_TASK BRIEF_. Could you please output all of the records exactly?

(Stored data entries)
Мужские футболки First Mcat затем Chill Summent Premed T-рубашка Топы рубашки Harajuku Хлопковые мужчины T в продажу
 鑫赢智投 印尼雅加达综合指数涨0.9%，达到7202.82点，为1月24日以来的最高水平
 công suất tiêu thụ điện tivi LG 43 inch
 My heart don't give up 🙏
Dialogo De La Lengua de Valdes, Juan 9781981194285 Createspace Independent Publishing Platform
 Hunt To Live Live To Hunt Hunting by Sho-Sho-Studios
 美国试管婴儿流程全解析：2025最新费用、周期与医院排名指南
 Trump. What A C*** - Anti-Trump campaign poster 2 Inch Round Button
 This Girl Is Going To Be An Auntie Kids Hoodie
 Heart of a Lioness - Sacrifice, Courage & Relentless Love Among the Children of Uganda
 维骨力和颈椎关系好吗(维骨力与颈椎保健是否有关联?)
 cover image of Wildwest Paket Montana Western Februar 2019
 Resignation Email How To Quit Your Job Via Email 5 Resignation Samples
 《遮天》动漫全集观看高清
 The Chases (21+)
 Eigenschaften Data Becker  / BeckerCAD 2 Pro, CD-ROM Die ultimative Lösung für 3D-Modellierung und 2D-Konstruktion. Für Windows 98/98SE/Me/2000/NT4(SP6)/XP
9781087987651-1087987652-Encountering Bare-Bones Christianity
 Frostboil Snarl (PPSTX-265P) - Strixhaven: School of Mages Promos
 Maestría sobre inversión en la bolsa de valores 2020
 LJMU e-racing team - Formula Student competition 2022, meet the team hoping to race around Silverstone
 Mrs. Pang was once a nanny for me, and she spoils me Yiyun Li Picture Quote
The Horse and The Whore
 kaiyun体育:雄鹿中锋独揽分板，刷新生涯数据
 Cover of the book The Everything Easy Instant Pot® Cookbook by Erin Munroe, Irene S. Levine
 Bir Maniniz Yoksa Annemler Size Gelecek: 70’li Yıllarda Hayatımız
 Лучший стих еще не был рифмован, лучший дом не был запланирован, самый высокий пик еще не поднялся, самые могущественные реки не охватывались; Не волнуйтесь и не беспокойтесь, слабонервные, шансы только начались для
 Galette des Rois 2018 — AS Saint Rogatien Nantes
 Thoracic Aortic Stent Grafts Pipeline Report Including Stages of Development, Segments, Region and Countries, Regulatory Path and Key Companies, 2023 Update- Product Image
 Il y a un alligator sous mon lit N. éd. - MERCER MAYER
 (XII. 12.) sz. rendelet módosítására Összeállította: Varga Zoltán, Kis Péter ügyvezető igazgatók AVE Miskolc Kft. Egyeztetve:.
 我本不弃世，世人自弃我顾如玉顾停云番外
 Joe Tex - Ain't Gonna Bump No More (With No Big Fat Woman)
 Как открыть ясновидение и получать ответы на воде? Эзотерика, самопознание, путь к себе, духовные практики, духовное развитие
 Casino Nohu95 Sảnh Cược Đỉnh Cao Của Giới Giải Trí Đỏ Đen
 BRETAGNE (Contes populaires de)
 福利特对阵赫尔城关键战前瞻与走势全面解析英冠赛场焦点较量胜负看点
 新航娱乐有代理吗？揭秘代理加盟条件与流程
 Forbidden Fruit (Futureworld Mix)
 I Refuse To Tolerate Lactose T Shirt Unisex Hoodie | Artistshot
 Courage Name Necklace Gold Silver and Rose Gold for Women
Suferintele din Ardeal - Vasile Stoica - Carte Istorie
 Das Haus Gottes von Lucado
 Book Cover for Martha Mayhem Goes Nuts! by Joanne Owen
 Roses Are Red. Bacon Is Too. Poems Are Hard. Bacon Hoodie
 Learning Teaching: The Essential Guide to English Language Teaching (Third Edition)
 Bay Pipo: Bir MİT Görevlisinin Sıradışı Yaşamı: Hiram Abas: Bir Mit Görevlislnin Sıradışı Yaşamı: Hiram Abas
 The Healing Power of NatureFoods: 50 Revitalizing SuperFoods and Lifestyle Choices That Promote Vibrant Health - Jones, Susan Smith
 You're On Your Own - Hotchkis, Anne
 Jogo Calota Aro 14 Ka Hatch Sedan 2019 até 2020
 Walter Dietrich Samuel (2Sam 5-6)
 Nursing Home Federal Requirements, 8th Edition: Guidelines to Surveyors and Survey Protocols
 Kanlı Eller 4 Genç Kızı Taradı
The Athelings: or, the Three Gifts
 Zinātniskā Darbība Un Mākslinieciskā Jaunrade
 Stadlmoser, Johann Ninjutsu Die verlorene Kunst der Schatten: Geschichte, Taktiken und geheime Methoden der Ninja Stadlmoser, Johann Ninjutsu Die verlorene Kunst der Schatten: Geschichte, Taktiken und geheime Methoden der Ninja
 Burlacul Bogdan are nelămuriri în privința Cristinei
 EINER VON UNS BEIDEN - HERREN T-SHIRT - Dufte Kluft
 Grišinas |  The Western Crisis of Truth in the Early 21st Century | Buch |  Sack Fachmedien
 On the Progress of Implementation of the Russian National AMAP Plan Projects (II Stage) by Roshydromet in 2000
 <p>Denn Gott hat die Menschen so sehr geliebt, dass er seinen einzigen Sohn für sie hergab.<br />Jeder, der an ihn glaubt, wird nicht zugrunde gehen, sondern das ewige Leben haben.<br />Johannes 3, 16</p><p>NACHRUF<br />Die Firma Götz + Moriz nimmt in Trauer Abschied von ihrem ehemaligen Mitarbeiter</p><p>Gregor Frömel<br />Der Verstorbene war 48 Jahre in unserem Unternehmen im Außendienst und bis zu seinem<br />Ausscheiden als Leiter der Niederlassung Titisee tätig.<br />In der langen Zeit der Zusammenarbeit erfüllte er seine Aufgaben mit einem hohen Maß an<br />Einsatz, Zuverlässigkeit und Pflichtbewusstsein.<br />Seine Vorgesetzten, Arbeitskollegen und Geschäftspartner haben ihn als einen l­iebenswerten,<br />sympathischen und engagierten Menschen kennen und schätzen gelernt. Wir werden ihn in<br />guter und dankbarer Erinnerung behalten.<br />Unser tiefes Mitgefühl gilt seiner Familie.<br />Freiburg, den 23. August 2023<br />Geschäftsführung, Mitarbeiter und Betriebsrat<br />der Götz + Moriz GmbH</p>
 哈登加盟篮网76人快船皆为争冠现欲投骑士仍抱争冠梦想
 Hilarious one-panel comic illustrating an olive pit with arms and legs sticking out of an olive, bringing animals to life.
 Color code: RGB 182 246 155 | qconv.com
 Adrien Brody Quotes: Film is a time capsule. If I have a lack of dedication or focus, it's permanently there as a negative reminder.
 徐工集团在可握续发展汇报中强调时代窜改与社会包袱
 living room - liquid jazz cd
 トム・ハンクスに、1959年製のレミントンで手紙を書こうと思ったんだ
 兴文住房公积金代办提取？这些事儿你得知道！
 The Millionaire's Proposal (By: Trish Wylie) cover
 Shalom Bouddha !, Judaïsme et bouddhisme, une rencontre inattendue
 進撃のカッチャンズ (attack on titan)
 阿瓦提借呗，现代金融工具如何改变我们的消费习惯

_SOLVED PROBLEM_.
Мужские футболки First Mcat затем Chill Summent Premed T-рубашка Топы рубашки Harajuku Хлопковые мужчины T в продажу
 鑫赢智投 印尼雅加达综合指数涨0.9%，达到7202.82点，为1月24日以来的最高水平
 công suất tiêu thụ điện tivi LG 43 inch
 My heart don't give up 🙏
Dialogo De La Lengua de Valdes, Juan 9781981194285 Createspace Independent Publishing Platform
 Hunt To Live Live To Hunt Hunting by Sho-Sho-Studios
 美国试管婴儿流程全解析：2025最新费用、周期与医院排名指南
 Trump. What A C*** - Anti-Trump campaign poster 2 Inch Round Button
 This Girl Is Going To Be An Auntie Kids Hoodie
 Heart of a Lioness - Sacrifice, Courage & Relentless Love Among the Children of Uganda
 维骨力和颈椎关系好吗(维骨力与颈椎保健是否有关联?)
 cover image of Wildwest Paket Montana Western Februar 2019
 Resignation Email How To Quit Your Job Via Email 5 Resignation Samples
 《遮天》动漫全集观看高清
 The Chases (21+)
 Eigenschaften Data Becker  / BeckerCAD 2 Pro, CD-ROM Die ultimative Lösung für 3D-Modellierung und 2D-Konstruktion. Für Windows 98/98SE/Me/2000/NT4(SP6)/XP
9781087987651-1087987652-Encountering Bare-Bones Christianity
 Frostboil Snarl (PPSTX-265P) - Strixhaven: School of Mages Promos
 Maestría sobre inversión en la bolsa de valores 2020
 LJMU e-racing team - Formula Student competition 2022, meet the team hoping to race around Silverstone
 Mrs. Pang was once a nanny for me, and she spoils me Yiyun Li Picture Quote
The Horse and The Whore
 kaiyun体育:雄鹿中锋独揽分板，刷新生涯数据
 Cover of the book The Everything Easy Instant Pot® Cookbook by Erin Munroe, Irene S. Levine
 Bir Maniniz Yoksa Annemler Size Gelecek: 70’li Yıllarda Hayatımız
 Лучший стих еще не был рифмован, лучший дом не был запланирован, самый высокий пик еще не поднялся, самые могущественные реки не охватывались; Не волнуйтесь и не беспокойтесь, слабонервные, шансы только начались для
 Galette des Rois 2018 — AS Saint Rogatien Nantes
 Thoracic Aortic Stent Grafts Pipeline Report Including Stages of Development, Segments, Region and Countries, Regulatory Path and Key Companies, 2023 Update- Product Image
 Il y a un alligator sous mon lit N. éd. - MERCER MAYER
 (XII. 12.) sz. rendelet módosítására Összeállította: Varga Zoltán, Kis Péter ügyvezető igazgatók AVE Miskolc Kft. Egyeztetve:.
 我本不弃世，世人自弃我顾如玉顾停云番外
 Joe Tex - Ain't Gonna Bump No More (With No Big Fat Woman)
 Как открыть ясновидение и получать ответы на воде? Эзотерика, самопознание, путь к себе, духовные практики, духовное развитие
 Casino Nohu95 Sảnh Cược Đỉnh Cao Của Giới Giải Trí Đỏ Đen
 BRETAGNE (Contes populaires de)
 福利特对阵赫尔城关键战前瞻与走势全面解析英冠赛场焦点较量胜负看点
 新航娱乐有代理吗？揭秘代理加盟条件与流程
 Forbidden Fruit (Futureworld Mix)
 I Refuse To Tolerate Lactose T Shirt Unisex Hoodie | Artistshot
 Courage Name Necklace Gold Silver and Rose Gold for Women
Suferintele din Ardeal - Vasile Stoica - Carte Istorie
 Das Haus Gottes von Lucado
 Book Cover for Martha Mayhem Goes Nuts! by Joanne Owen
 Roses Are Red. Bacon Is Too. Poems Are Hard. Bacon Hoodie
 Learning Teaching: The Essential Guide to English Language Teaching (Third Edition)
 Bay Pipo: Bir MİT Görevlisinin Sıradışı Yaşamı: Hiram Abas: Bir Mit Görevlislnin Sıradışı Yaşamı: Hiram Abas
 The Healing Power of NatureFoods: 50 Revitalizing SuperFoods and Lifestyle Choices That Promote Vibrant Health - Jones, Susan Smith
 You're On Your Own - Hotchkis, Anne
 Jogo Calota Aro 14 Ka Hatch Sedan 2019 até 2020
 Walter Dietrich Samuel (2Sam 5-6)
 Nursing Home Federal Requirements, 8th Edition: Guidelines to Surveyors and Survey Protocols
 Kanlı Eller 4 Genç Kızı Taradı
The Athelings: or, the Three Gifts
 Zinātniskā Darbība Un Mākslinieciskā Jaunrade
 Stadlmoser, Johann Ninjutsu Die verlorene Kunst der Schatten: Geschichte, Taktiken und geheime Methoden der Ninja Stadlmoser, Johann Ninjutsu Die verlorene Kunst der Schatten: Geschichte, Taktiken und geheime Methoden der Ninja
 Burlacul Bogdan are nelămuriri în privința Cristinei
 EINER VON UNS BEIDEN - HERREN T-SHIRT - Dufte Kluft
 Grišinas |  The Western Crisis of Truth in the Early 21st Century | Buch |  Sack Fachmedien
 On the Progress of Implementation of the Russian National AMAP Plan Projects (II Stage) by Roshydromet in 2000
 <p>Denn Gott hat die Menschen so sehr geliebt, dass er seinen einzigen Sohn für sie hergab.<br />Jeder, der an ihn glaubt, wird nicht zugrunde gehen, sondern das ewige Leben haben.<br />Johannes 3, 16</p><p>NACHRUF<br />Die Firma Götz + Moriz nimmt in Trauer Abschied von ihrem ehemaligen Mitarbeiter</p><p>Gregor Frömel<br />Der Verstorbene war 48 Jahre in unserem Unternehmen im Außendienst und bis zu seinem<br />Ausscheiden als Leiter der Niederlassung Titisee tätig.<br />In der langen Zeit der Zusammenarbeit erfüllte er seine Aufgaben mit einem hohen Maß an<br />Einsatz, Zuverlässigkeit und Pflichtbewusstsein.<br />Seine Vorgesetzten, Arbeitskollegen und Geschäftspartner haben ihn als einen l­iebenswerten,<br />sympathischen und engagierten Menschen kennen und schätzen gelernt. Wir werden ihn in<br />guter und dankbarer Erinnerung behalten.<br />Unser tiefes Mitgefühl gilt seiner Familie.<br />Freiburg, den 23. August 2023<br />Geschäftsführung, Mitarbeiter und Betriebsrat<br />der Götz + Moriz GmbH</p>
 哈登加盟篮网76人快船皆为争冠现欲投骑士仍抱争冠梦想
 Hilarious one-panel comic illustrating an olive pit with arms and legs sticking out of an olive, bringing animals to life.
 Color code: RGB 182 246 155 | qconv.com
 Adrien Brody Quotes: Film is a time capsule. If I have a lack of dedication or focus, it's permanently there as a negative reminder.
 徐工集团在可握续发展汇报中强调时代窜改与社会包袱
 living room - liquid jazz cd
 トム・ハンクスに、1959年製のレミントンで手紙を書こうと思ったんだ
 兴文住房公积金代办提取？这些事儿你得知道！
 The Millionaire's Proposal (By: Trish Wylie) cover
 Shalom Bouddha !, Judaïsme et bouddhisme, une rencontre inattendue
 進撃のカッチャンズ (attack on titan)
 阿瓦提借呗，现代金融工具如何改变我们的消费习惯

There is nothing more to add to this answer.